We made small talk as I came in. W, our dog, came running towards me. I miss him so much! And T told me that he had been painting a few rooms. One being his office. And he wanted to show it to me. You see, when we first had our house built, I didn't believe that dark brown would be a good color for his office. I thought it was too dark. And the room has a lot of weird angles and built ins. But T had just painted it.

And as we were making our way to the office, W was really close to me. Like he could sense something. I happened to see the other room he had painted, and felt so sick! I ran to the bathroom and the morning sickness took over. At the same time, I couldn't help but wonder why there was now a pastel bedroom in our house.

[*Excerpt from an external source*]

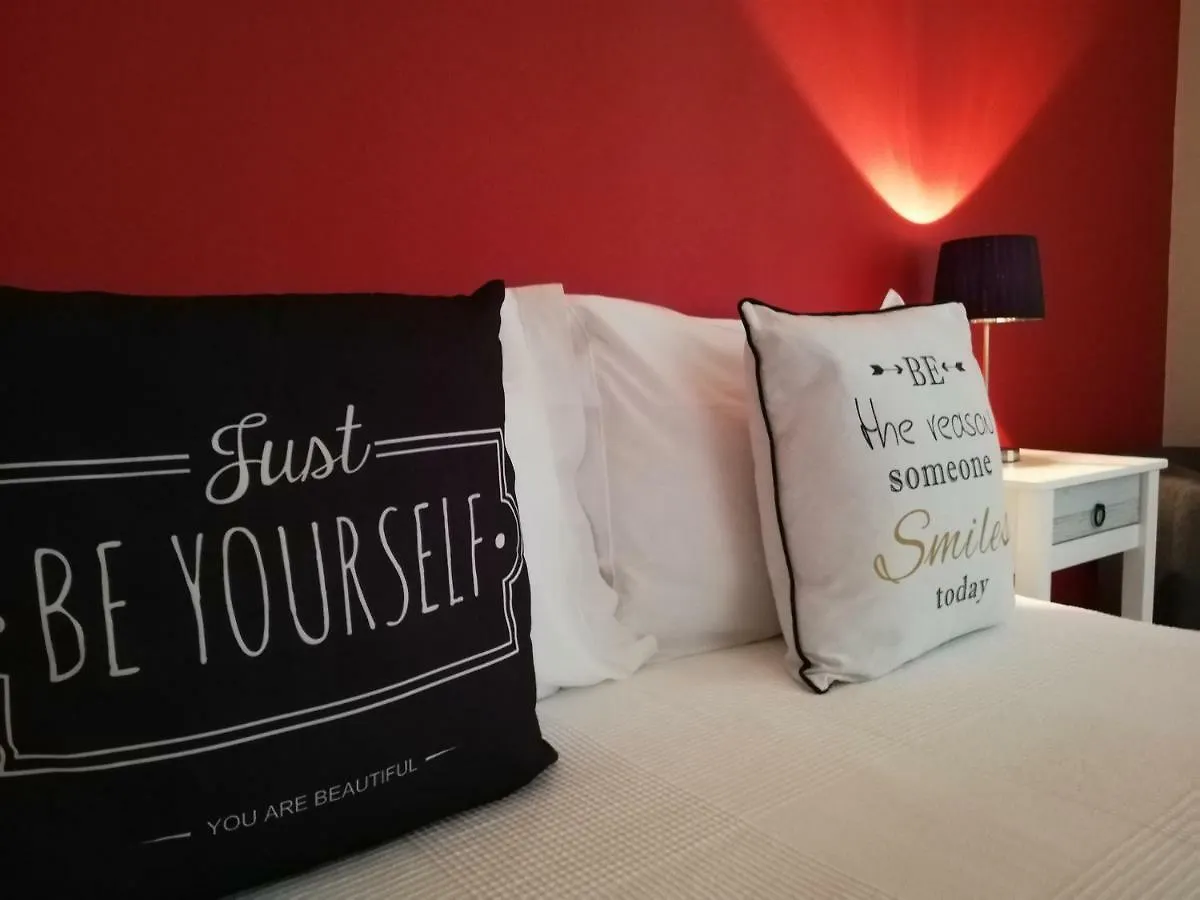 Blue Moon Guesthouse Lagos Gasthof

As I hugged the toilet, W was guarding me. Like he just knew what was going to happen next. T stood in the doorway, pissed off! His arms were crossed and the look on his face explained it all...

When I could, I got up. I rinsed my mouth. And tried to gain my footing. I felt horrible. Like I could pass out any second! And T was seeing red. He almost immediately began yelling. Demanding to know what was going on. I tried to calm him down. I had good news to share with him. And I didn't want it to come out like this. But he wasn't having it. It probably didn't help that W was right at my side.

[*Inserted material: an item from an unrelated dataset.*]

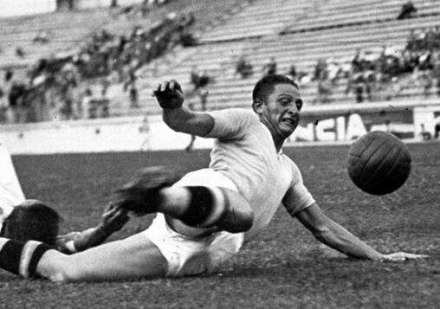 希尔维奥·皮奥拉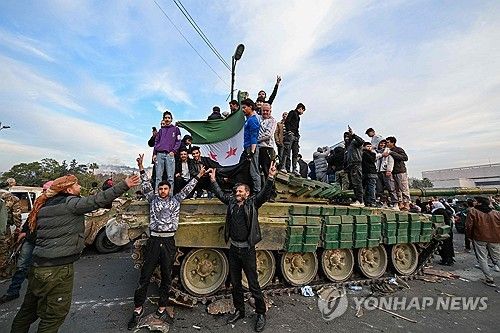 다마스쿠스 진입한 시리아 반군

I didn't know what else to do. I just took a deep breath and told T that we are expecting a baby. He blew up! Started cussing and walking back in forth. He had his hands on his head. Like it might explode. Like he couldn't understand what I was saying. Then he got up and walked away. I didn't know what to do. Or what to say. I know we hadn't planned this. But we always wanted to have kids.

After an hour, I got up from the couch. I figured T had calmed down enough. He was sitting in the pastel room. Staring out the window. Lost in his deep thoughts. So I turned around. I figured I'd head home. Give him some time and space to think and process this. Heck, I've had almost 3 weeks to process our news.

Instead, he told me to stop. He needed to tell me something. He is expecting another baby. A girl. And she's due in May. Hello! I just felt like someone pulled the floor out from under me. I slide down the wall. And just sat. That room we were in, it's going to be the baby's nursery. I was sitting in his baby's nursery. How did this happen?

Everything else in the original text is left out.